04 November 2006

You know what? You don't have to like it.

Feelings seem to be running high about a full-time nonprofit staff member creating a private email distribution list so that he and others in his position can have frank discussions about vendors, products, and services.

Naturally, some vendors don't like this. They have the right to say so, but it's not up to them to refuse (or grant) nonprofit professionals the right to hold in camera conversations.

My only concern about the new "nptechhelp" group is that the individual wisdom of of full-time nonprofit professionals (when making technical decisions) is not always remarkably good. And what about the collective wisdom of full-time nonprofit professionals? Although it's currently fashionsable to praise "the wisdom of crowds," I'd rather bet on Gustave Le Bon's thesis than James Surowieki's.

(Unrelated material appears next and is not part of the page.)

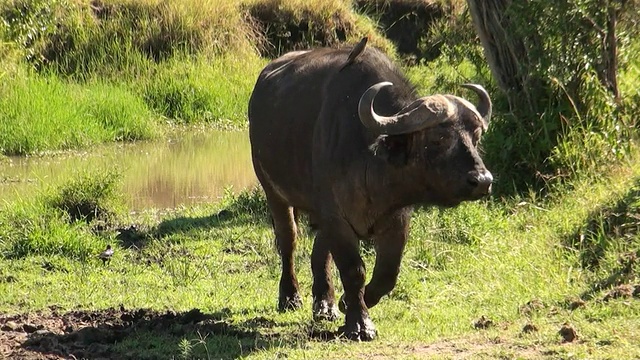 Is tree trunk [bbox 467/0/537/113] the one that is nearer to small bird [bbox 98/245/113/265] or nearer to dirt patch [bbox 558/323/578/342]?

Nevertheless, those of us who work in the nonprofit sector sometimes need to blow off steam and tell war stories - at a safe distance from the reprisals of vendors, supervisors, funders, and lawyers. Why else would I be publishing this blog anonymously?

1 comment:

Anonymous said...

You've put your finger on something that I find annoying about a lot of nonprofit advocacy groups. (I realize that that isn't really the topic of your post, but your post is what triggered the insight.) What is it with nonprofit organization who go around arrogating to themselves the right to grant permission or forbid people to make their own choices? Sheesh! These days, every nonprofit group has a "policy" or a "manifesto" about what everybody else ought to do or believe.